I realized that to manage my anxiety, I needed a set of tools.
This approach allowed me to start regaining ownership over my brain and body—and, in time, my workouts became my go-to guard against panic attacks. “Creating healthy habits is a great starting point for coping with GAD," Dr. Taylor says. "Fitness doesn’t come with a lot of side effects or cost-related restrictions." So why not try using your body to help your mind?
Here's my fitness-driven, tension-taming trifecta—it might help you, too.
1. Take a breather
Worrying makes us woozy. Anxiety triggers shallow, rapid breathing, which causes hyperventilation and lightheadedness. “Exercises that have a breathing component like meditation are very helpful for anxiety reduction,” Dr. Taylor says.
Try this easy and effective breathing technique: Position your hands on your chest and stomach. Inhale deeply through the nose, filling your belly with fresh, soothing air. Hold for 1–2 counts, then exhale fully through the mouth. Expel negative thoughts out of your body with each exhale. Repeat 2–3 times each day.
2. Run wild
Running rescued me from anxiety. I'd always paid attention to my health, and logging miles affirmed that my body was healthy and strong. If I could endure strenuous exercise, I knew I was in good shape. Regular cardio exercise has similar effects on the brain as taking antidepressants. For best results, aim for 3–5 days of aerobics weekly. Have sore knees or another issue that makes running a bad fit? A scenic bike ride, hike, or long walk will work just as well.
3. Relax those muscles
I’m hyper-aware of the sensations my body experiences. Before I started my three-pronged approach, when something felt off, my mind would jump to the worst-case scenario. I'd get a harmless tension headache, for instance, and I'd be convinced that it was a brain tumor. Bizarre, I know.

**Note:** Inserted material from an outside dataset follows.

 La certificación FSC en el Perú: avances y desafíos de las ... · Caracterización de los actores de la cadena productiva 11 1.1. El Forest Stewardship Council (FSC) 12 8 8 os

So here's how I learned to ease my mind by relaxing my muscles. Progressive muscle relaxation is a technique of systematically tensing and relaxing muscles, which research shows can help ease the physical symptoms of worry when practiced regularly.
Here's how to do it: Get comfortable and slowly inhale and exhale, concentrating on the rhythm of your breaths. Begin from the top of your body and work your way down. Hold each muscle contraction for 10 seconds, focusing on the tension in each area your body, then slowly release. Elevate your eyebrows. Clamp your jaw. Squeeze your shoulders up to your ears. Tighten your stomach muscles. Clench your glutes. Curl your toes.
Since I started using these three tools, my life has improved considerably. I have more energy, I experience fewer anxiety attacks, and (this is big!) I’ve removed WebMD as my iPhone browser’s homepage. While I know that anxiety can always return, this stress-reducing system has transformed me from a worrier into a warrior.